New Breed Blog

4 Market Expansion Frameworks

Written by Guido Bartolacci | Jun 1, 2021 1:39:00 PM

As businesses grow, the markets that they operate in will change, the customers they serve will shift and their products will evolve. Market expansion frameworks guide how that change happens.

Market expansion frameworks help businesses strategize company and product development. They guide overall decision-making at a company to help determine the best way to market, sell, develop and service products.

Here are four market expansion frameworks you can use:

1. Ansoff Matrix

The Ansoff Matrix is an expansion framework developed by a mathematician in 1957. It breaks down the relationship between a product and the target market and the riskiness of that combination.

It’s a four-quadrant grid with new and existing products on the x-axis and new and existing markets on the y-axis. The four expansion strategies it contains are:

  • Diversification: Introducing a new product to a new market
  • Product Development: Introducing a new product into an existing market
  • Market Development: Introducing an existing product into a new market
  • Market Penetration: Further selling an existing product into an existing market

Each of those strategies has different levels of risk, with diversification being the most chancy and market penetration being the safest option. 

Knowing which of those strategies you’ll pursue will inform where you need to invest resources in order to be successful. Do you need to focus on product development and innovation? Do you need to conduct market research? Do you need to do both?

2. BCG Growth Share Matrix

The BCG Growth Share Matrix was created in 1968 by the founder of Boston Consulting Group. Like the Ansoff Matrix, it’s also a four-quadrant grid, but it focuses on the relationship between growth rate and market share to help companies determine the potential profitability of different expansion opportunities.

On the x-axis, there’s high and low market share, and on the y-axis is high and low growth. The four potential market categories are:

  • Cash cow: Where you have a low market growth rate and a high market share. This is your bread and butter market segments where you can expect reliable revenue
  • Dog: Where you have a low market growth rate and a low market share. These are the types of markets you should avoid because there isn’t much long-term potential and you don’t have previous success
  • Question mark: Where you have a high market growth rate but a low market share. You’re not sure if your product or service is viable in these markets, but there is potential so it’s worth further evaluating these markets
  • Star: Where you have a high market growth rate and a high market share.
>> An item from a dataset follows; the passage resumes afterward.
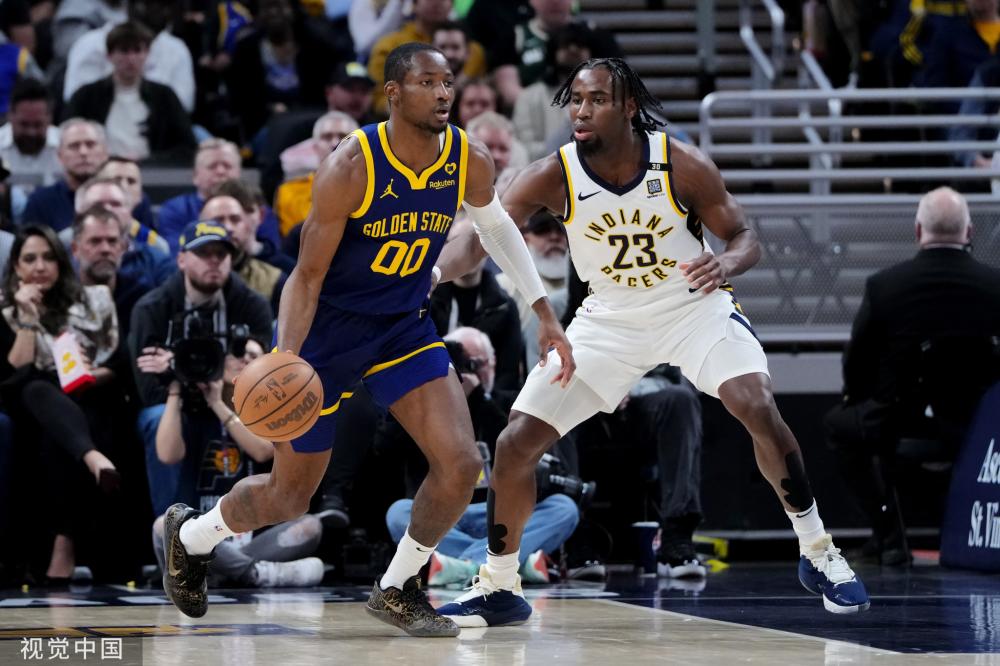 增加自身修 增加自身修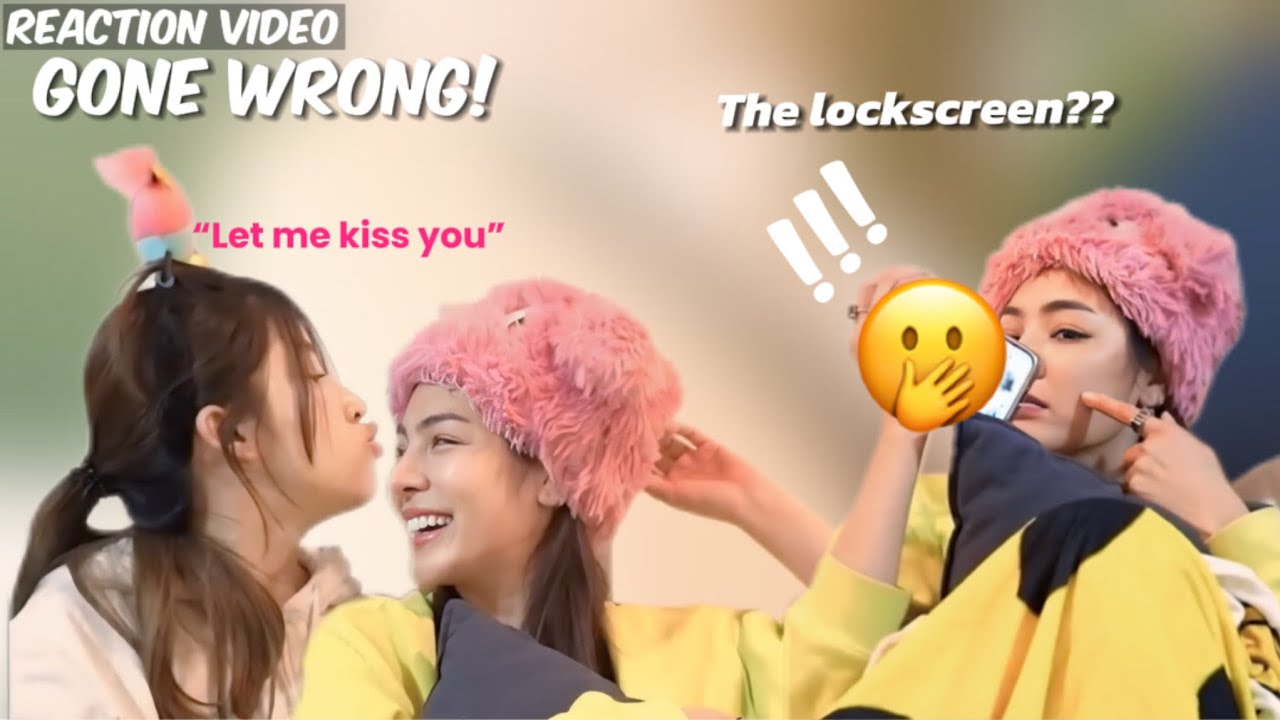 ПРАВДА НАКОНЕЦ ВЫХОДИТ ВНЕ | Фэй и Йоко. Часть 7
These markets have the most potential but are often also the smallest

Using these market categories helps companies determine where they want to invest, maintain and divest their targeting in order to optimize their growth.

 

3. Porter’s Five Forces

Porter’s Five Forces was published in a book by a Harvard Business School professor in 1980. It focuses on the external factors that are at play in a market and how those impact the potential success of expanding into it.

The five forces are:

  1. Existing competitors: What is the current competitive landscape? Who are the other players in the market? How does their pricing, target audience, brand and product compare to yours? How easy is it for customers to switch from your competitors’ solution to yours?
  2. Threat of new entrants: Is this a growing market where new, innovative companies will enter? What is the barrier of entry? Can customers easily switch from your solution to a competitor’s?
  3. Threat of substitute products: What alternatives exist to your solution that aren’t direct competitors? How does the value provided by substitutes compare with the value provided by your solution? How does the cost of substitutes compare with the cost of your solution? How much affinity do customers have for substitutes? How adverse are they to change?
  4. Bargaining power of buyers: How many competitors do buyers have to choose from? How much information do they have access to? What’s the level of price disparity among potential solutions? How sensitive are customers to price?
  5. Bargaining power of suppliers: What suppliers do you rely on in order to produce your solution in terms of both physical goods and employee work? How substitutable are suppliers? How much competition is there amongst potential suppliers?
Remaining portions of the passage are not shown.